Moreover, bilateral perisylvian polymicrogyria is not X.G.'s only problem. He also suffered from microcephaly and a genetic mutation, both of which are associated with seizures. Consequently, the evidence does not weigh in favor of a finding that X.G. had his first seizure sooner than he would have had absent the vaccination. This finding, in turn, means that evaluating Ms. Ellis's second point — the earlier onset of seizures means a worse outcome — is not required.
In contrast, Dr.

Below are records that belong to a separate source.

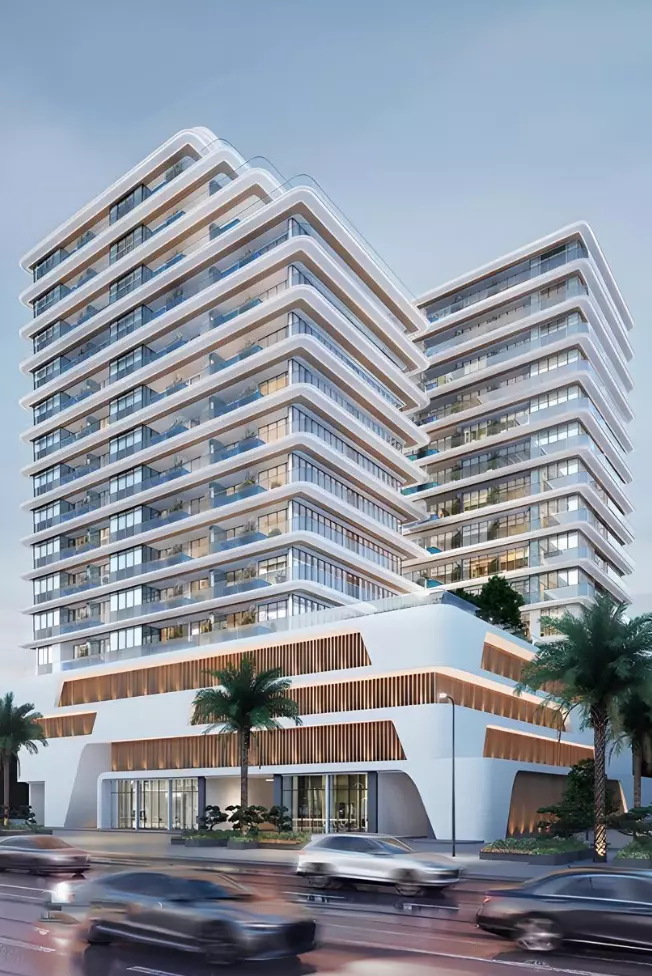 Image 9 of Lazord by Lapis by Lapis Properties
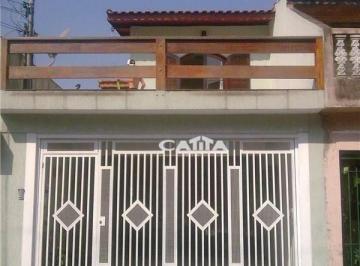 4ce6ff2a421c0cfd3d6a33b41f1246fc53c23989 · Sobrado com 4 dormitórios à venda, 300 m² por R$ 680.000,00 - Itaquera - São Paulo/SP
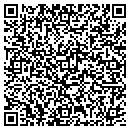 QR code with Axion LLC contacts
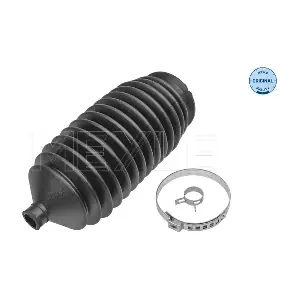 11-14 620 0007 MEYLE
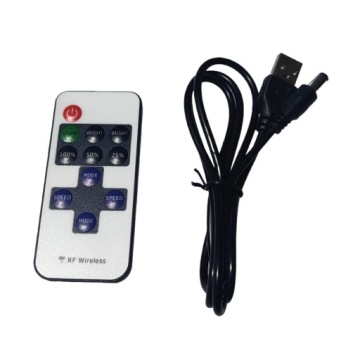 БЕСПРОВОДНАЯ СВЕТОДИОДНАЯ ФОНАРЬ ПЕТУХ ТАКСИ С ДИСТАНЦИОННЫМ УПРАВЛЕНИЕМ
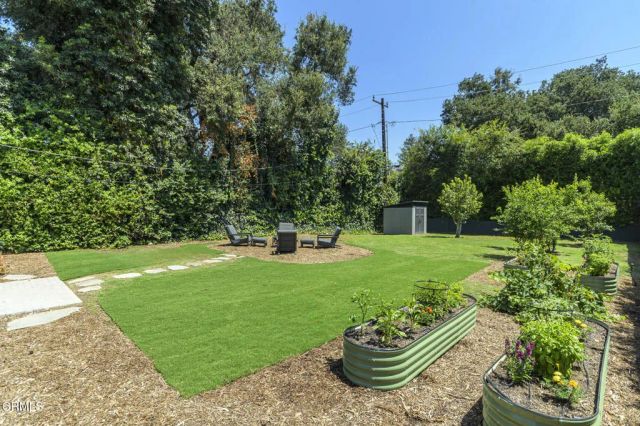 4356 Bel Aire Drive, La Canada Flintridge, CA 91011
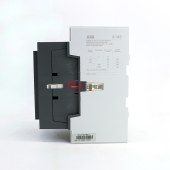 ABB A系列接触器 A145-30-11*380-400V 50HZ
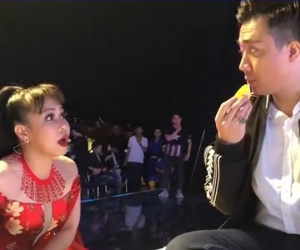 Người phụ nữ 'ác mồm' nhưng giàu tình người nhất showbiz Việt, mắng cả Trấn Thành là ai?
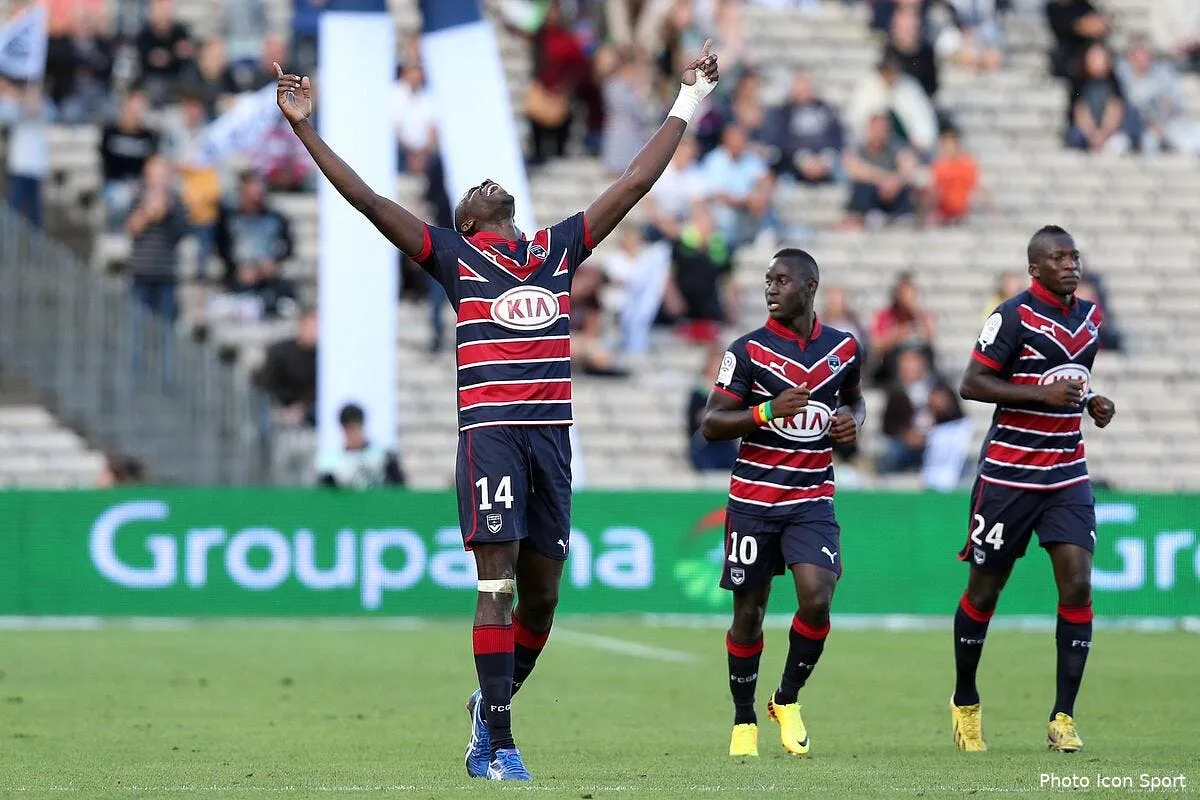 bordeaux refait surface montpellier s enfonce iconsport blo 061013 52 4868535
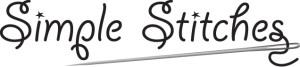 SimpleStitches-logo
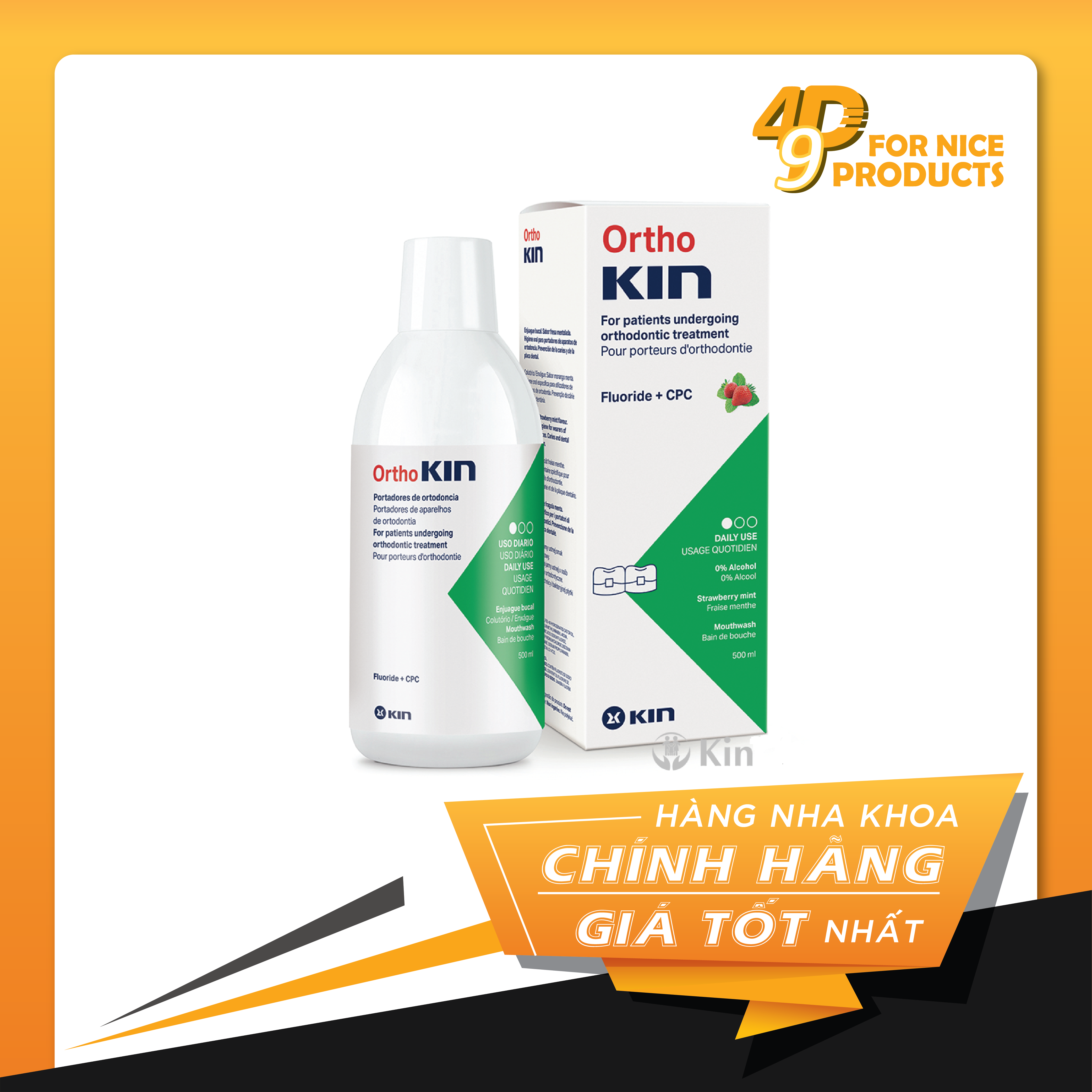 nước-súc-miệng-orthokin---dành-cho-răng-niềng-49p.vn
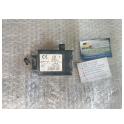 Chiusura centralizzata Alfa 156 '98 diesel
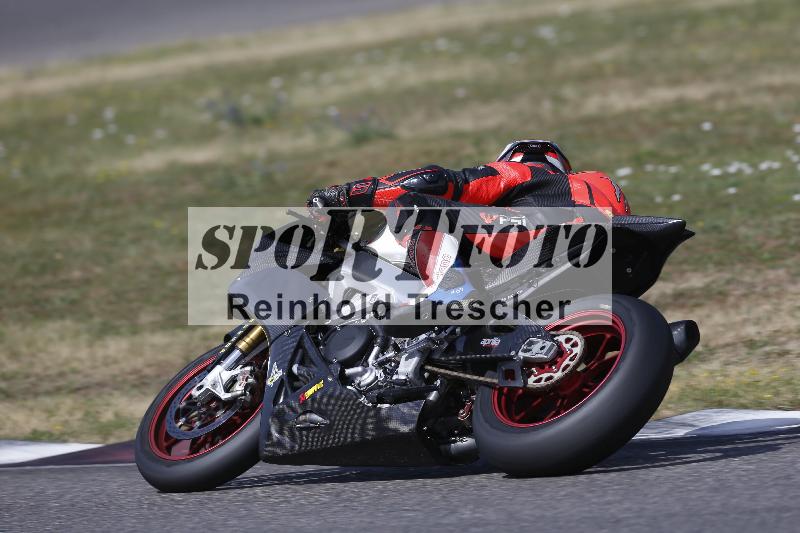 /22 06.07.2026  Pluess Moto Sport ADR/Freies Fahren/backside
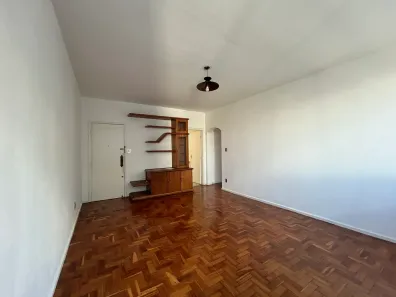 Apartamento com 3 Quartos à venda, 130m² no Barra, Salvador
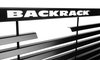 Louvered Rack, 2008-2022 GM Silverado/Sierra 1500, 2004-2022 Ford F-150, 2008-2019; 2022 Toyota Tundra - image 2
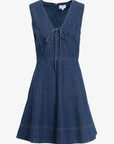 NOVA DRESS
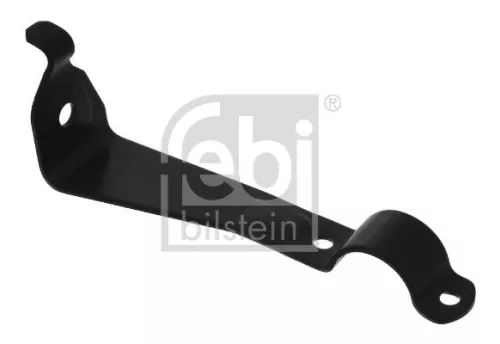 Beugel, stabilisatorbevestiging FEBI BILSTEIN 40911)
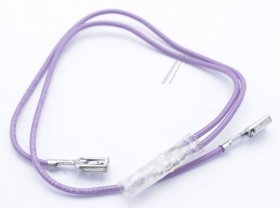 Filament Lamp - 00187242 Lamp-control [Bosch Siemens]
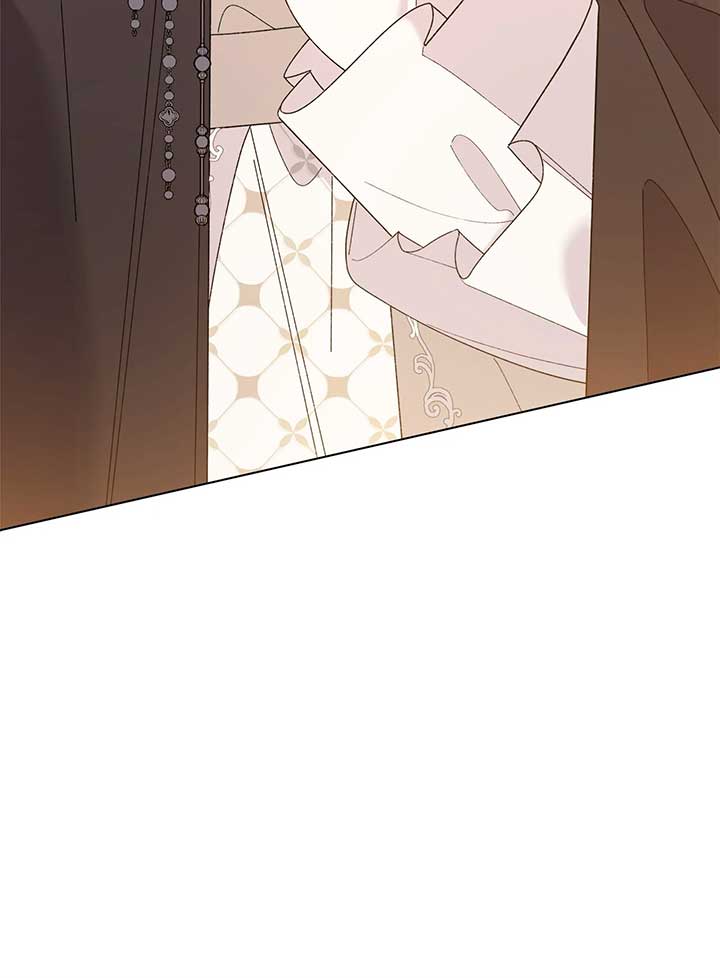 I Got Married to a Duke Called Beast Chapter 78 - Page 69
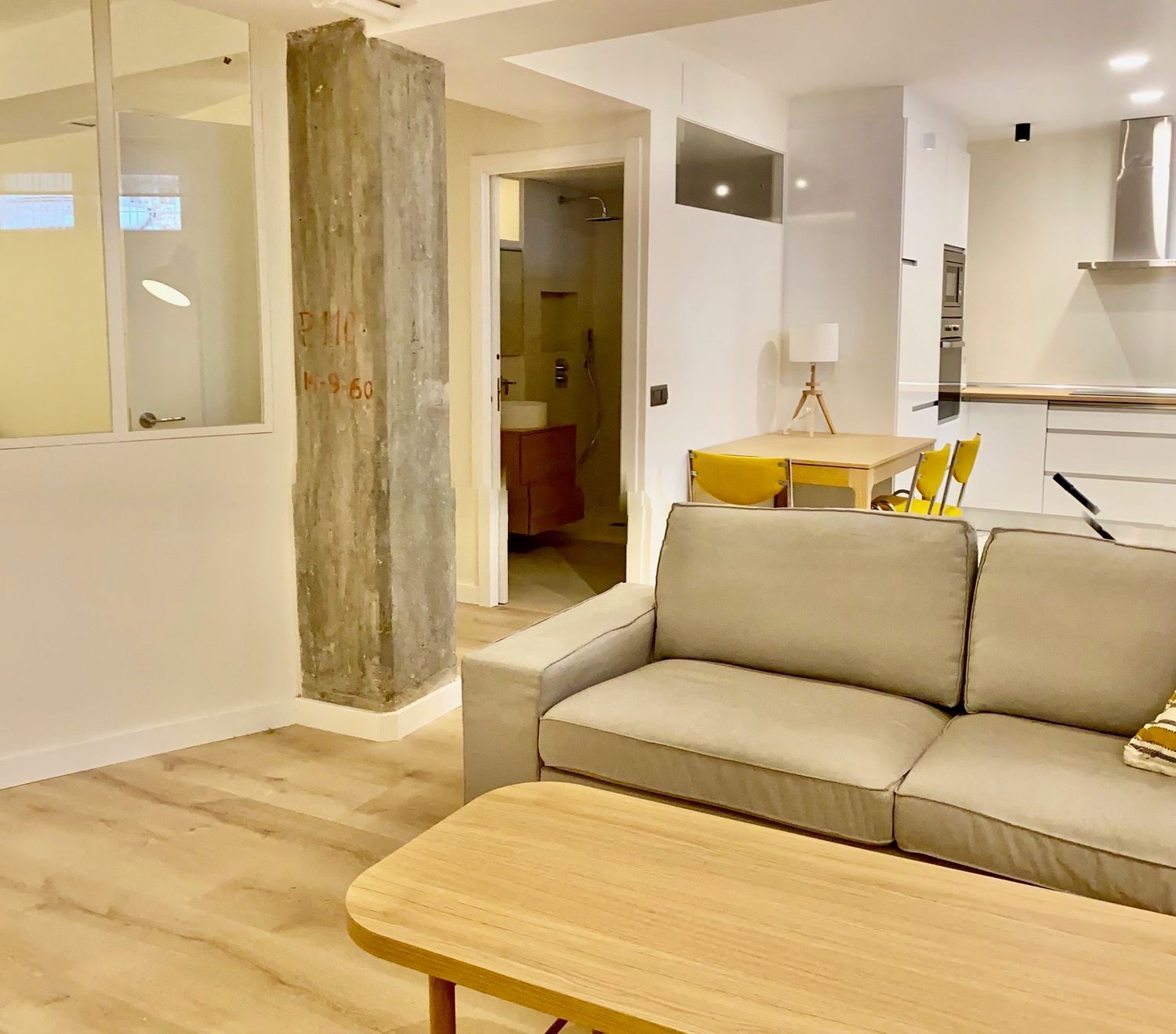 Pisos-Venta-Madrid-1828700-Foto-5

Wirrell provided opinions that a natural consequence of an in utero CMV infections is a seizure disorder. She also opined that a MED13L mutation can cause seizures. On both points, Dr. Wirrell cited literature that supported her opinions.
It may be the case that the April 8, 2011 DTaP vaccination contributed to X.G.'s April 9, 2011 seizure. In one sense, X.G.'s condition on April 10, 2011, the day after the seizure, was worse than X.G.'s condition on April 7, 2011, the day before the vaccination. X.G. went from a boy who had never experienced a seizure to a boy who had experienced a seizure. However, in another sense, X.G.'s condition did not change. X.G. had been born with microencephaly, a migration disorder, and a genetic mutation. Ms. Ellis has not presented any evidence that the vaccine altered these physical traits. His development is consistent with the outcomes expected from these conditions.
The short interval between the vaccination and the onset of X.G.'s seizure disorder, by itself, could suggest that the vaccination caused the seizure disorder. But "temporal association is not sufficient, however, to establish causation in fact."
Despite Ms. Ellis's sympathetic status as a mother of a disabled child, she is not entitled to compensation through the Vaccine Program. The evidence shows that the DTaP vaccine did not contribute to X.G.'s outcome.
The Clerk's Office is instructed to enter judgment in accord with this decision.
As to the timing of the CMV infection, there is no overt disagreement between the experts. As stated in the text, Dr. Wirrell places the CMV infection before the 28-week ultrasound. Although Dr. Kinsbourne wrote reports after this report from Dr. Wirrell, he did not propose a different date of infection or otherwise challenge Dr. Wirrell's opinion on this point.
Moreover, multiple doctors characterized X.G. as microcephalic. Exhibit 7 at 15, exhibit 8 at 1, exhibit 45 at 9.